*INFORMATION*.
:::::
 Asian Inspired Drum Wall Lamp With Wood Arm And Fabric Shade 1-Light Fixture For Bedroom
:::::
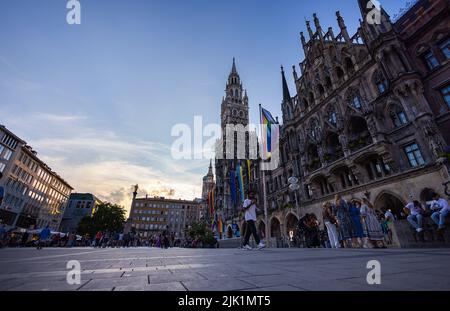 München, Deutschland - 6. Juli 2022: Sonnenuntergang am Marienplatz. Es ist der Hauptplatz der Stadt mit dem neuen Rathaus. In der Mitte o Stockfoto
:::::
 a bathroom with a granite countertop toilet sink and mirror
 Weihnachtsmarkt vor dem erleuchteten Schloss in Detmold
:::::
*WHAT NEEDS TO BE DONE*. Print, from the entries above, the line with "a bathroom with", the line with "Weihnachtsmarkt vor dem" and all lines between them, exactly and with nothing else.

*EXPECTED ANSWER*.
 a bathroom with a granite countertop toilet sink and mirror
 Weihnachtsmarkt vor dem erleuchteten Schloss in Detmold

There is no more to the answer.